Similarly, it is an error for any class or interface to implement,
either directly or indirectly, both a value
superclass or superinterface and
an identity
superclass or superinterface.
(To be a functional interface, compatible with lambda expressions, an
interface must allow for both value
and identity
implementations. This rule
avoids constraining the language runtime, and may be relaxed in the future.)

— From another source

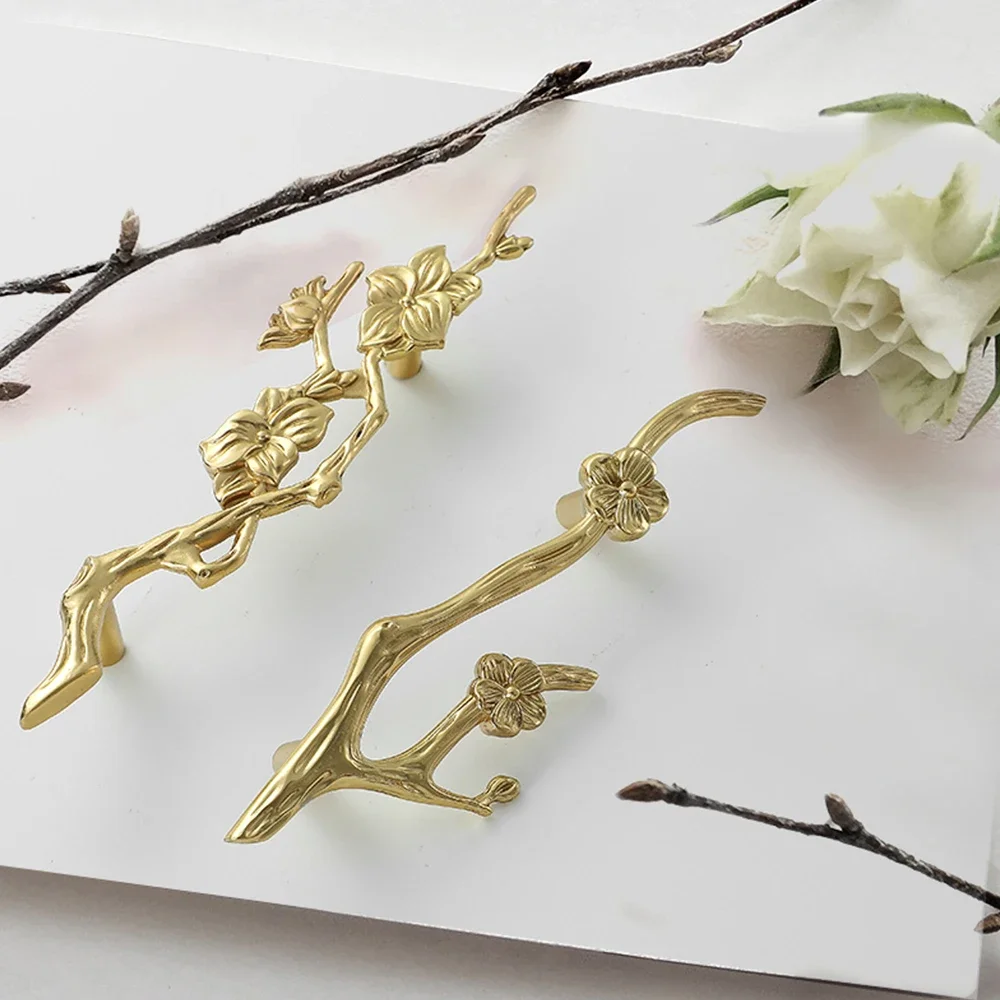 Flower Branch Brass Cabinet Do - Unique Furniture Hardware Pulls review and price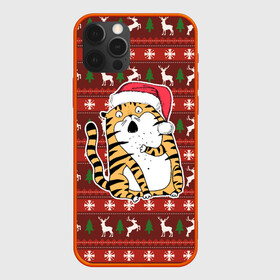 Чехол для iPhone 12 Pro с принтом Рождественский удивленный тигр в Курске, силикон | область печати: задняя сторона чехла, без боковых панелей | 2022 | год тигра | новый год | новый год 2022 | символ года | тигр | тигренок | тигрица | тигры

An abstract class can similarly be extended by both value classes and identity
classes by default, or can use the identity
or value
modifier to restrict
its subclasses. In addition, an abstract class that declares a non-final
instance field or a synchronized
instance method is implicitly an identity
class.
The class Object
is special. Despite being a concrete class, it is not an
identity class and supports both identity
and value
subclasses. However,
calls to new Object()
continue to create direct identity object instances of
the class (suitable, e.g., as synchronization locks).
regulated
Constructors
The regulated
keyword (name subject to change) indicates that a constructor
must not make any use of this
in its body, except to write to an instance
field. This is a useful property that ensures an object does not "leak" to the
rest of the program during construction.
Within the body of a regulated
constructor, any of the following are a
compiler error:
-
Reading an instance field of the class
-
Invoking an instance method of the class
-
Direct use of
this
to refer to the current class instance, except in an assignment of the formthis.f = expr
-
Use of
super
to access a field or method of the current class's superclass or superinterface -
Construction of an inner class with
this
as an implicit enclosing instance -
Any of the above occurring in an instance field initializer or instance initializer block of the class
-
An explicit constructor invocation (
super()
orthis()
) that invokes a non-regulated
constructor
Local and anonymous classes may be declared, but (as in a static
context) they
have no enclosing instance. Inner classes may refer to enclosing instances or
captured enclosing variables from their own regulated
constructors without
error.
These rules coincide with the restrictions imposed in a pre-construction context, as described by JEP 447, except that they allow for writes to instance fields.
Any constructor of any class may be marked regulated
. Value class constructors
are implicitly regulated
. The implicitly-declared constructor of a non-value
class is also regulated
, as long as the no-arg constructor of the superclass
is regulated
. (In extremely rare occasions, this rule may cause an existing
class to fail to compile, due to a use of this
in its initializers.) The
constructor of the class Object
is regulated
.
Because of the rule about super()
calls, an abstract class may not act as a
superclass of a value class unless it declares at least one regulated
constructor. Due to value classes' use of regulated
constructors, value
objects will never be observed to mutate, and will never participate in circular
object graphs. (A value object under construction is referred to as a "larval
value object", and is unusable for any other purpose.)
Migration of existing classes
If an existing concrete class meets the requirements of value class declarations, it may be declared as a value class without breaking binary compatibility.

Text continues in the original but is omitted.